_AIM OF THE TASK_: Only the lines from the one with "Quality Dry Lace" through the last line of the records below belong in your answer, reproduced exactly and with the pictures left out.

——

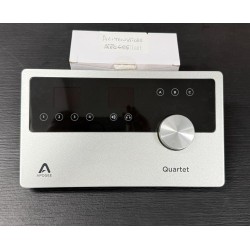 Apogee Quartet Usato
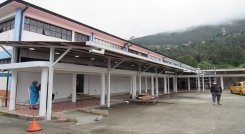 Los nuevos puntos de vacunación entrarán en funcionamiento esta semana. / Roberto Ospino/ La Opinión
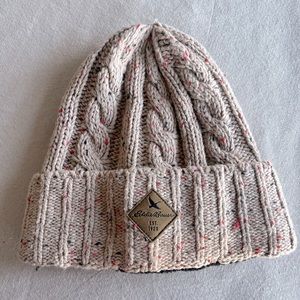 Eddie Bauer Cable Knit Beanie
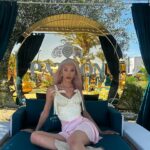 Kerri Colby Instagram – Hi Coachella! 🤍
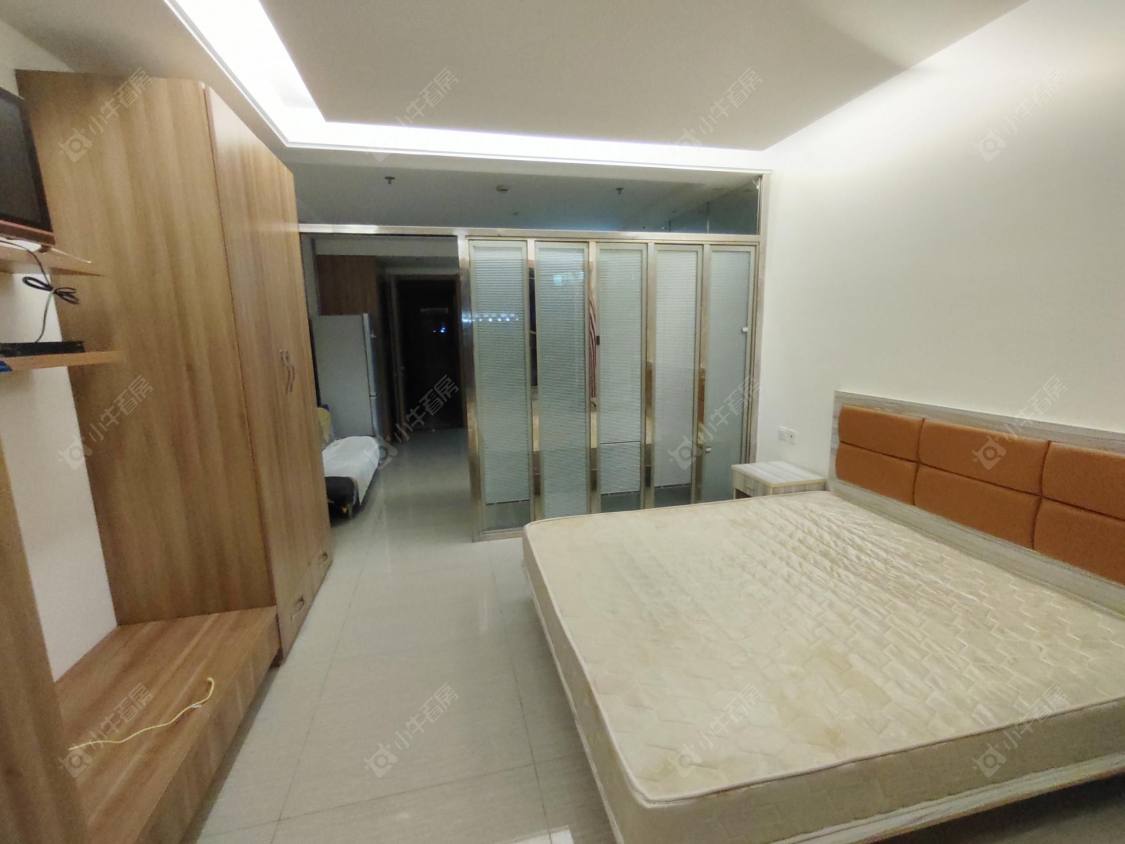 常州恒大翡翠华庭租房_恒大翡翠华庭1室1厅房源出租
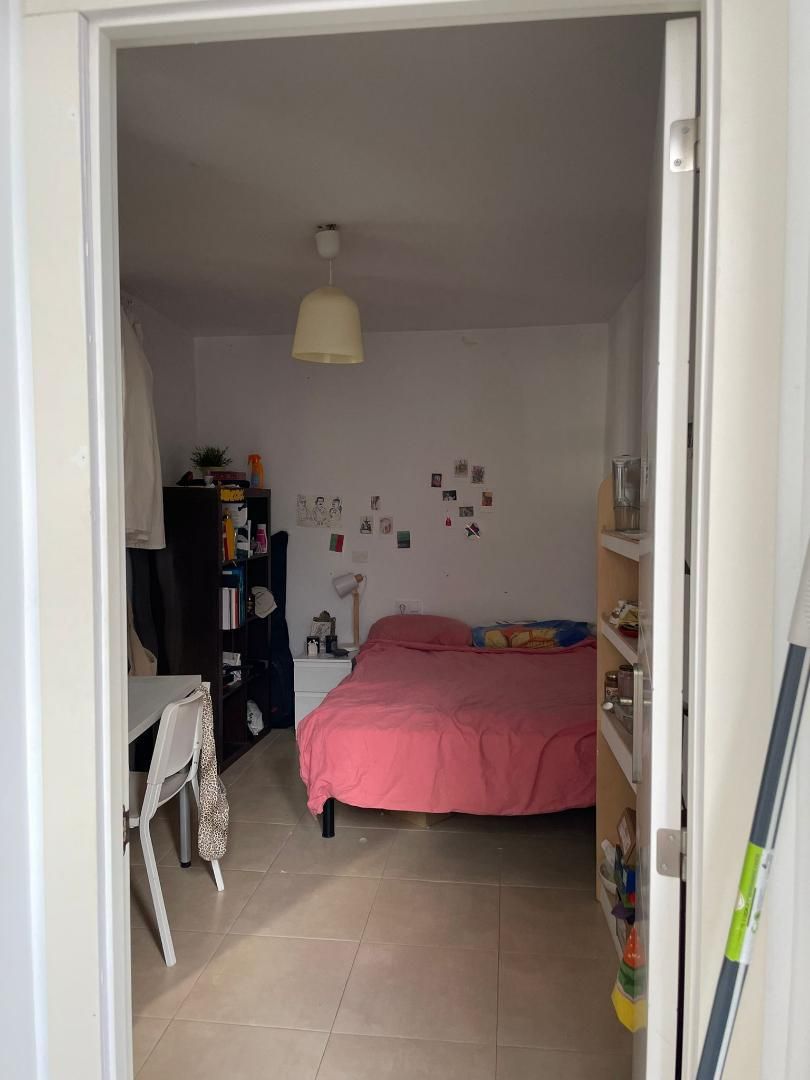 Bedroom of Flat to share in  Cádiz Capital  with Terrace, Furnished and Oven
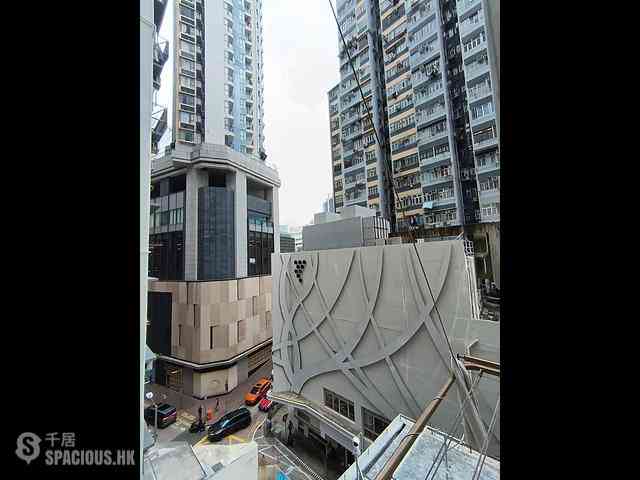 Wan Chai - Wing Shing Building 06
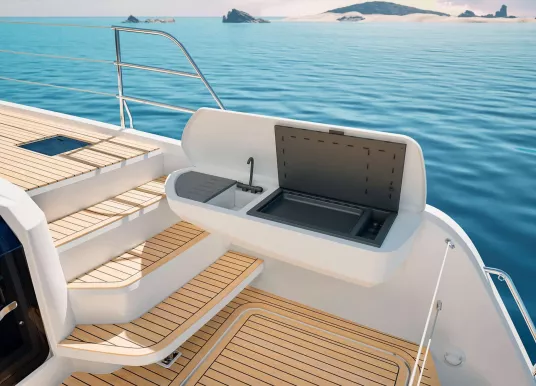 FOUNTAINE PAJOT - FP 55 - 24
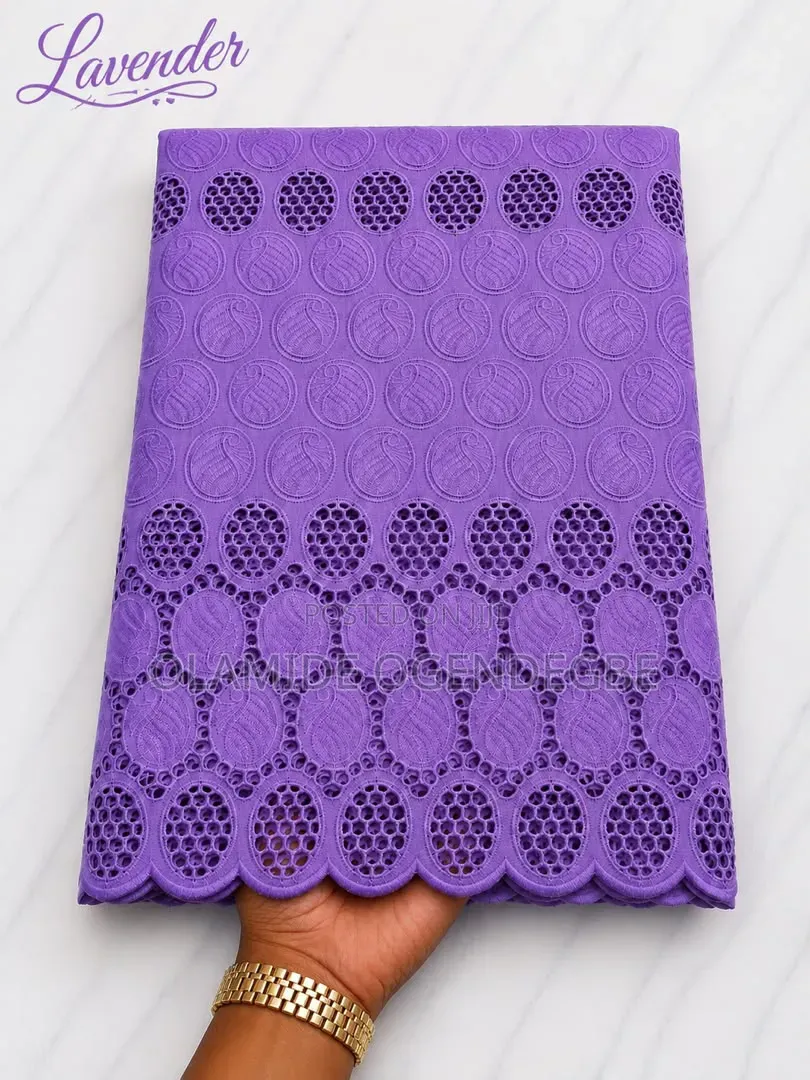 Quality Dry Lace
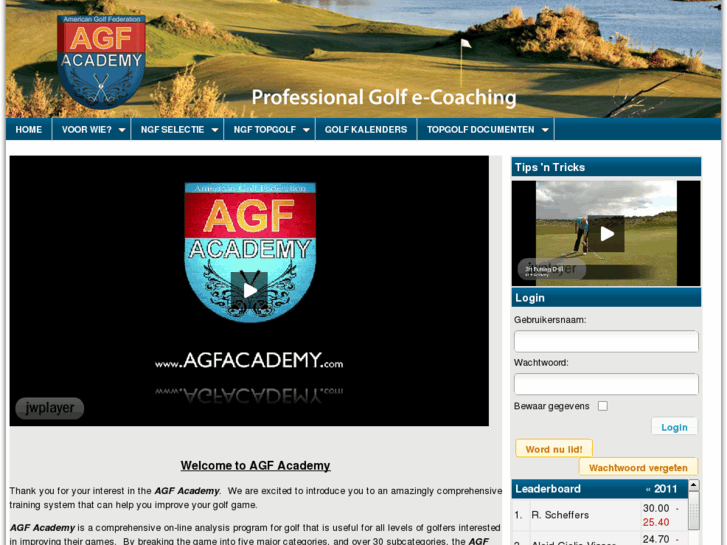 www.agfacademy.com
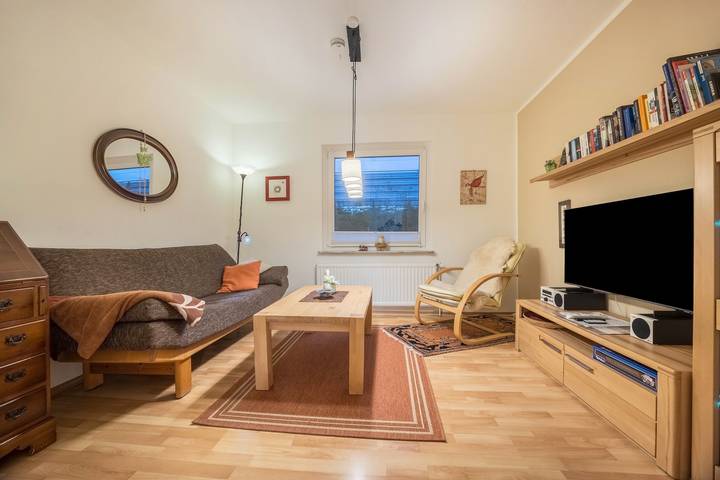 Vakantieappartement voor 4 personen, met Tuin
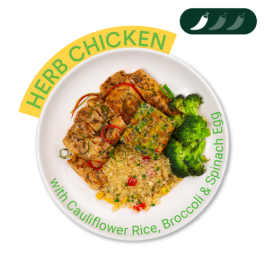 Herb Chicken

——

_YOUR RESPONSE_:
 Quality Dry Lace
 www.agfacademy.com
 Vakantieappartement voor 4 personen, met Tuin
 Herb Chicken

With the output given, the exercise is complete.